Retype the data that follows exactly. No pictures belong in the copy.

#### Dataset extract:

------------------------------

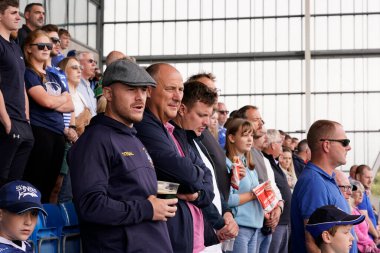 Taraftarlar ulusal marşı Gallagher Premiership maçından önce söylüyorlar Sale Sharks Northampton Saints 'e karşı AJ Bell Stadyumu, Eccles, İngiltere, 11 Eylül 202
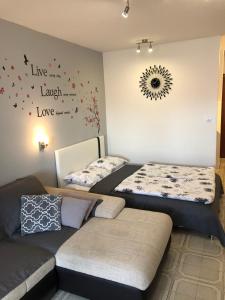 Zimmer mit 2 Betten und einem Sofa in der Unterkunft Studio apartma Franca in Umag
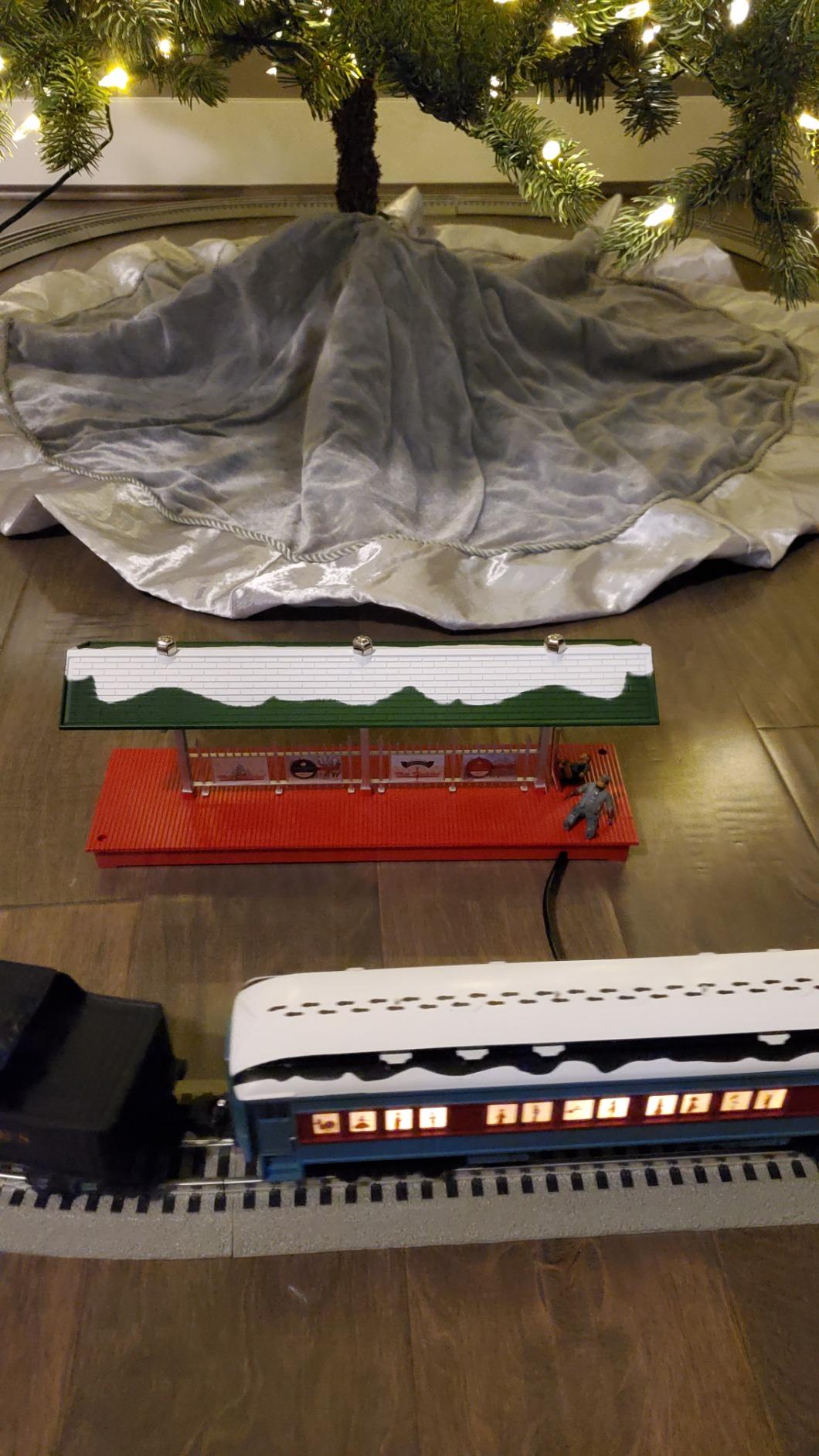 Lionel Trains - Winter Wonderland Plug-Expand-Play Station Platform, O Gauge customer photo 2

------------------------------

#### Problem solution:
 Taraftarlar ulusal marşı Gallagher Premiership maçından önce söylüyorlar Sale Sharks Northampton Saints 'e karşı AJ Bell Stadyumu, Eccles, İngiltere, 11 Eylül 202
 Zimmer mit 2 Betten und einem Sofa in der Unterkunft Studio apartma Franca in Umag
 Lionel Trains - Winter Wonderland Plug-Expand-Play Station Platform, O Gauge customer photo 2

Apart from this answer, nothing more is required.